## Problem to solve
The answer is the full listing below, copied exactly, with its pictures omitted.

[Information shown]

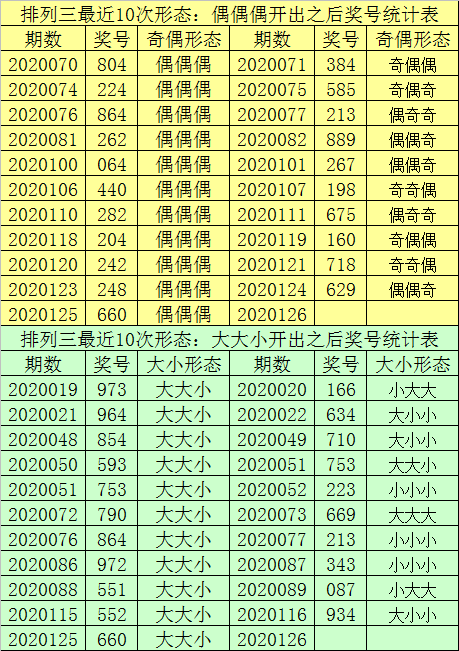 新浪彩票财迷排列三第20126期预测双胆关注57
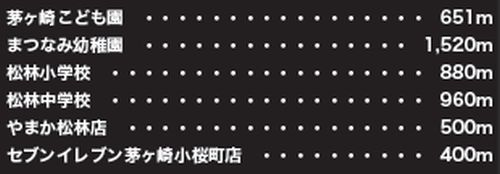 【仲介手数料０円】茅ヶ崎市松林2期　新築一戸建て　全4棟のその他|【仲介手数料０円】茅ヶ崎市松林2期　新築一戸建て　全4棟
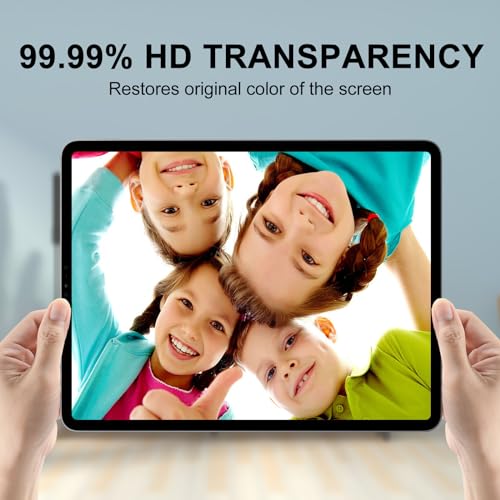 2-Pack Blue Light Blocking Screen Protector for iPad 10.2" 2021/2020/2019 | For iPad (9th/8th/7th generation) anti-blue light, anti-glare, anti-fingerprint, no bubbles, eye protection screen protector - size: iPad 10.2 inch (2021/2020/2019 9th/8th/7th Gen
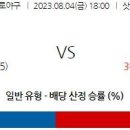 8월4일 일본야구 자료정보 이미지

[/Information shown]

## Reply
 新浪彩票财迷排列三第20126期预测双胆关注57
 【仲介手数料０円】茅ヶ崎市松林2期　新築一戸建て　全4棟のその他|【仲介手数料０円】茅ヶ崎市松林2期　新築一戸建て　全4棟
 2-Pack Blue Light Blocking Screen Protector for iPad 10.2" 2021/2020/2019 | For iPad (9th/8th/7th generation) anti-blue light, anti-glare, anti-fingerprint, no bubbles, eye protection screen protector - size: iPad 10.2 inch (2021/2020/2019 9th/8th/7th Gen
 8월4일 일본야구 자료정보 이미지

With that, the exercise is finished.